To select which parcels would be conserved in each time step, we used eight different selection algorithms (Table 1), in addition to a scenario of no conservation. The first algorithm CostMin, simply selected the parcels with the lowest cost per ha, based the assessed value of a parcel as recorded by San Diego County. Second, SubMax, acquired parcels that were most likely to subdivide, based on predicted probabilities from the econometric model. The FireMin model was similar to the CostMin algorithm, but also minimized fire risk. FireMinMax accounted for fire risk, cost, and subdivision probability. BioMax maximized biodiversity while minimizing cost, and BioMaxMin did the same but also included information on the likelihood of subdivision. Finally, FireBioMin and FireBioMinMax reintroduced the fire rankings into the biodiversity algorithms.

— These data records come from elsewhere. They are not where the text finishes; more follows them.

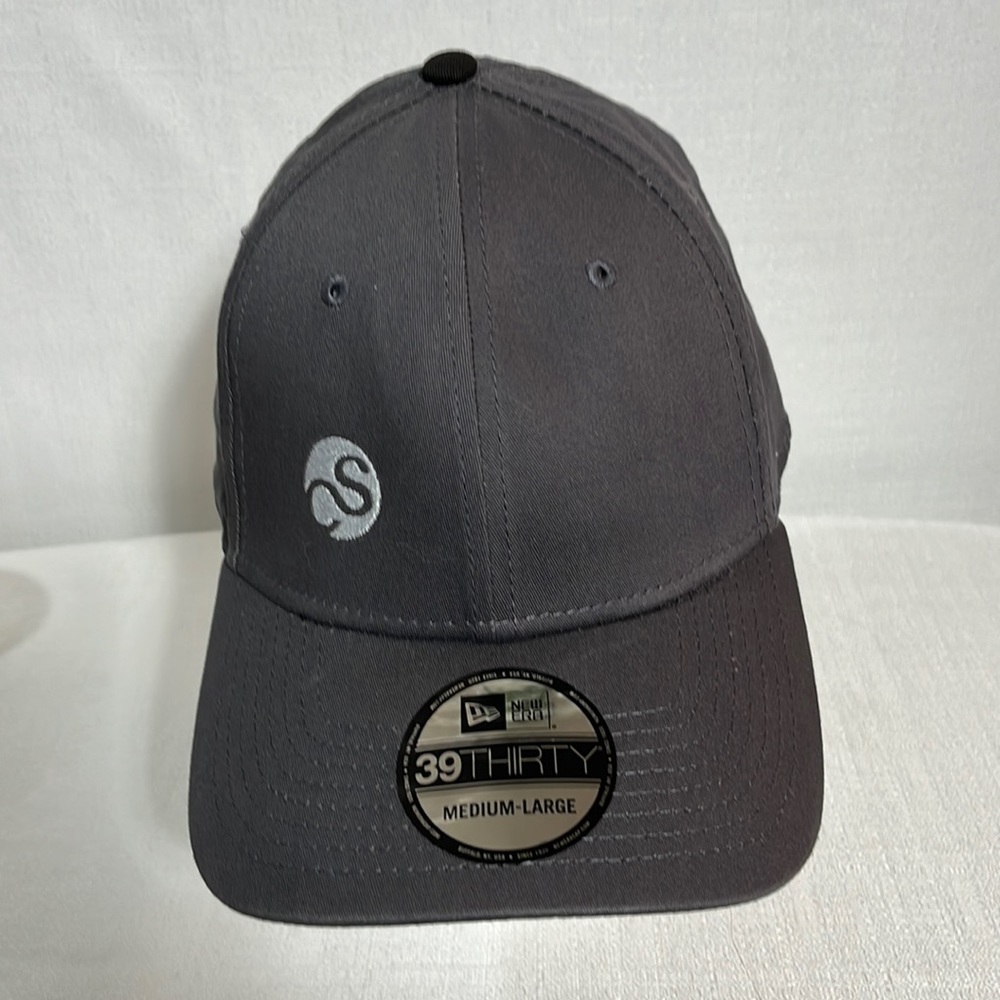 𝅺gray baseball hat, condition new,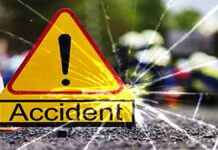 मोटरसाइकल ठोक्किएर आगो लाग्दा तीन विद्यार्थीको जलेर मृत्यु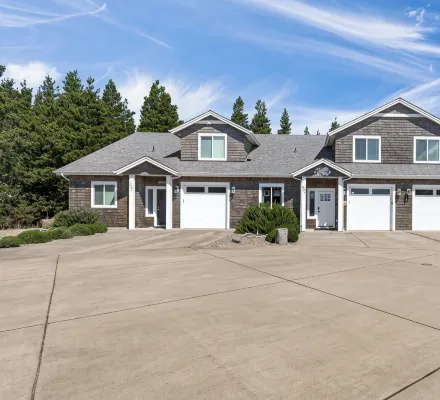 Short walk to BEACH - 3 bedrooms w/TVs- SLEEPS 6 - Dogs OK!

To understand the relative impact of the different selection strategies on fire risk and biodiversity, we ran land development simulations to place new structures on landscape as a function of each algorithm. Beginning with an initial map of undeveloped parcels in each time step, we first used the econometric model to predict the likelihood of each parcel subdividing. For these same parcels, we also used assessor data to calculate their purchase price. Then, using a budget of $40 million per year, and the given algorithm, we selected parcels for conservation acquisition until the budget was completely allocated. Any left-over budget was transferred to the next time period.

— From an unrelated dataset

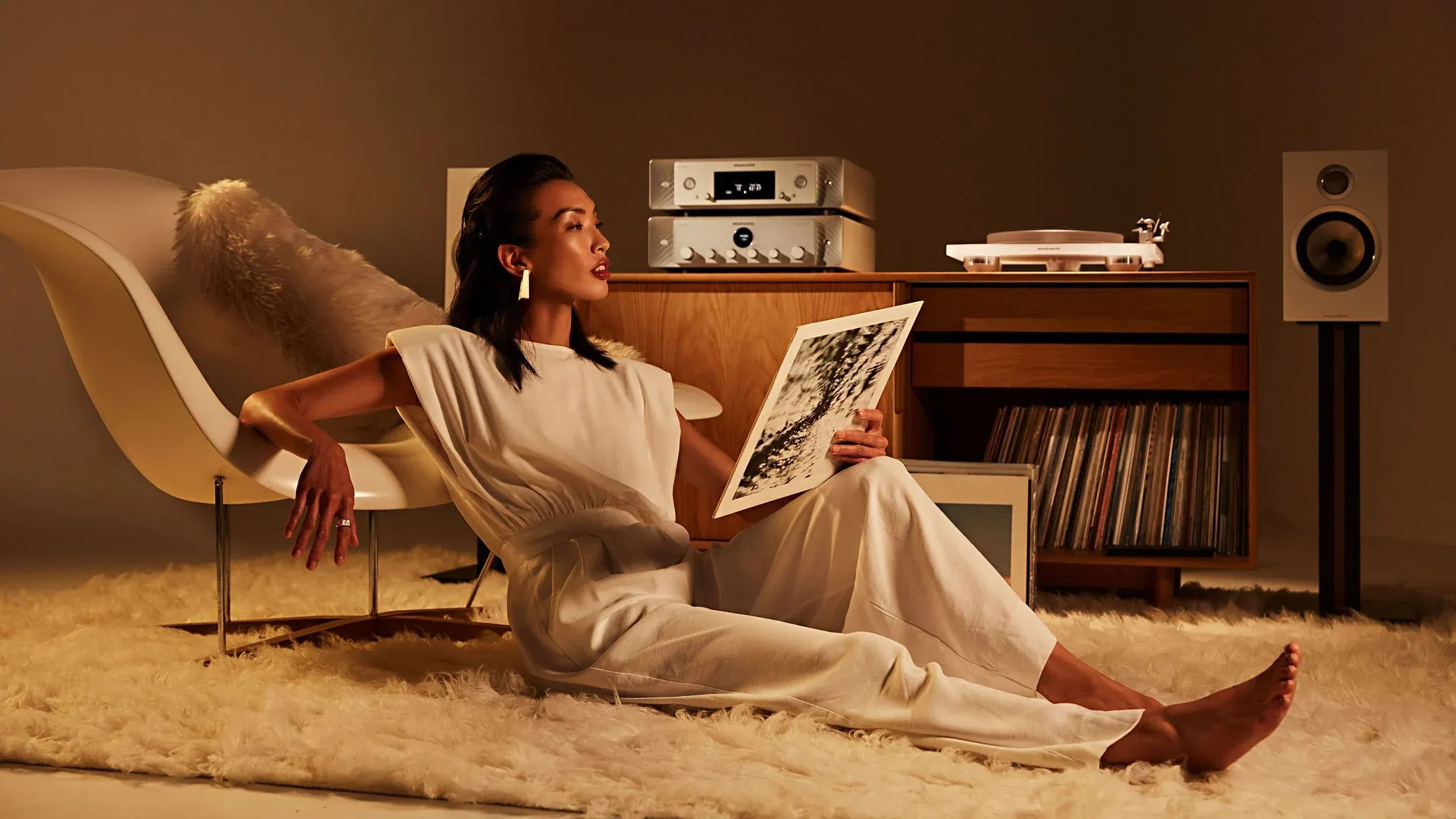 Marantz Model 30 – amplificatore integrato stereo hi-end, vista frontale in finitura nera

With the new conservation lands restricted from development, we then allocated a fixed number of new structures across the landscape in undeveloped parcels that were identified as suitable for subdivision. Those parcels with the highest probability of subdivision ranked first for development. We therefore subdivided parcels and allocated structures to them according to these rankings until we placed 37,000 new structures on the map for each time step. The number of structures to allocate to the newly subdivided parcels was determined based on the parcels’ zoning and we assumed that parcels developed at the highest density allowed by law. These steps repeated every five years for 20 years.
We estimated the mean fire risk to structures by deriving several gridded maps from the output of the housing development scenarios and using them as input to a fire risk model (described in Butsic et al. 2016). We developed the fire risk model using MaxEnt (Phillips et al. 2006, Elith et al. 2011), which is a map-based software package that, although originally designed for species distribution modeling, has also been effective for modeling fire probability (e.g., Bar-Massada et al. 2012, Moritz et al. 2012) and risk to structures (Syphard et al. 2012, 2013). MaxEnt uses a machine-learning algorithm to predict spatial distributions by iteratively contrasting values of point-based distribution data of the dependent variable to values derived from a large random sample of background points for all mapped explanatory variables. The output is an exponential function that assigns a fire risk probability to each cell in a map.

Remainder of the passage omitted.